Une année durant je m’occupai de l’arbitrage territorial, des écoles et de la revue, et j’étais très affligé, car je m’y perdais de plus en plus. La lutte perpétuelle nécessitée par mes fonctions de conciliateur me devint si pénible, mon activité dans les écoles se manifesta si vaguement, mon travail dans la revue, le désir d’enseigner, en même temps que de me cacher à moi-même ma propre incapacité, me devint si répugnant, que je tombai malade moralement plutôt que physiquement. J’abandonnai tout et m’en fus dans les steppes, chez les Bachkirs, respirer l’air, boire le koumiss et vivre de la vie animale.

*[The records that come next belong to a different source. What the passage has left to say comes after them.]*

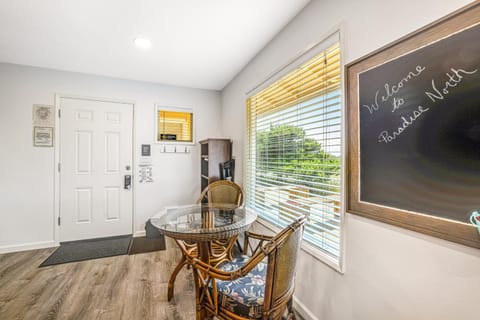 Paradise North and South Beach House in Rockaway Beach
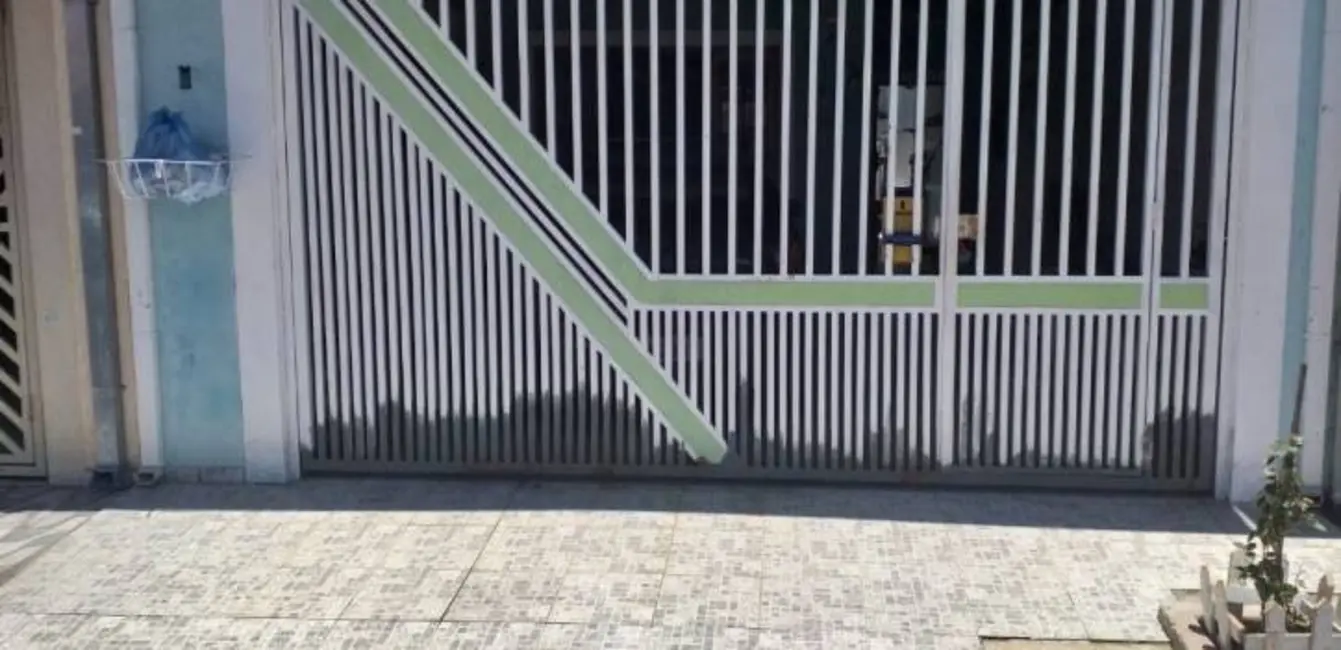 Foto 1 de Casa com 2 quartos à venda, 108m2 em Parque Arco Íris, Taubate - SP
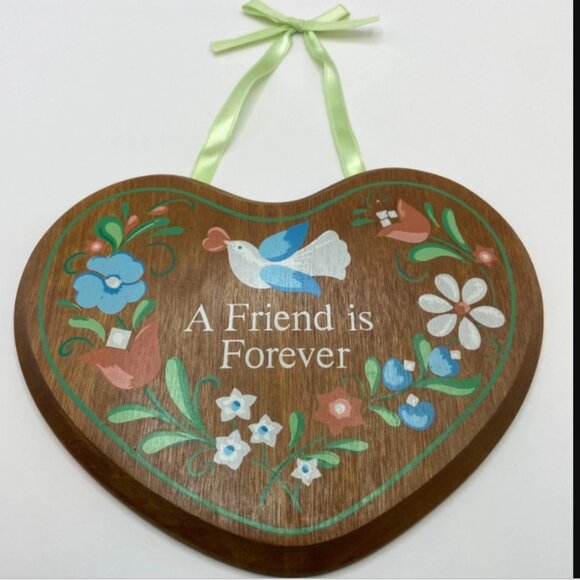 Vintage ~ Painted Wooden Heart Plaque ~ Bird & Florals ~ A Friend is Forever - Picture 1 of 2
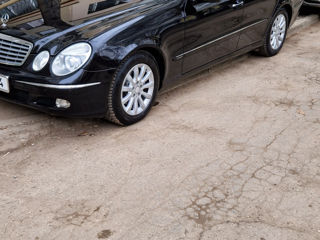 Mercedes E-Class foto 1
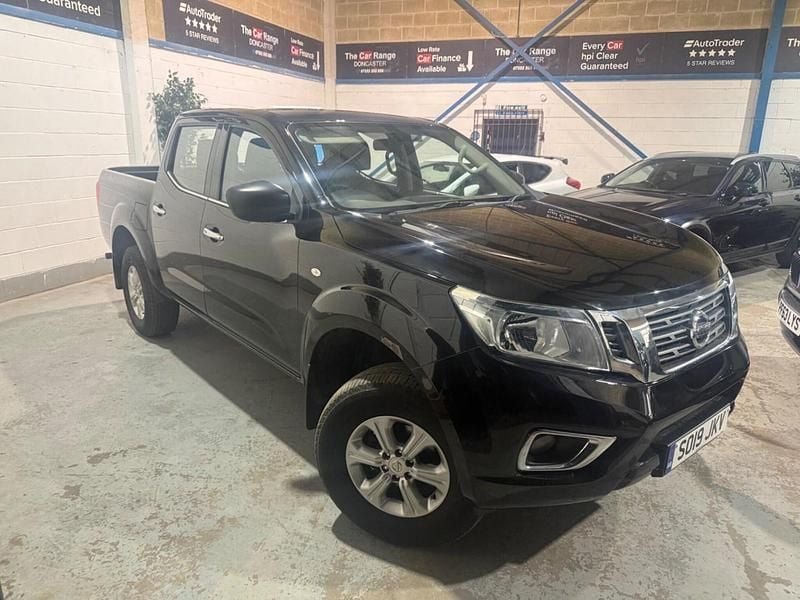 Black Used 2019 Nissan Navara Acenta Pickup | £10,745 (Good price) - Image 1/4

À mon retour, je me mariai. Les conditions nouvelles d’une vie de famille heureuse me détournèrent complètement de toute recherche du sens général de la vie. Toute ma vie, en ce temps-là, se concentra sur ma famille, ma femme, mes enfants, et, par conséquent, sur les moyens d’augmenter mes ressources. Mon aspiration au perfectionnement, remplacée déjà auparavant par l’aspiration au perfectionnement en général, au progrès, cédait nettement la place à mon désir d’avoir, pour moi et ma famille, une vie très confortable. Ainsi passèrent quinze ans encore. Bien que je considérasse la littérature comme une bagatelle, pendant ces quinze années, je continuai cependant à écrire.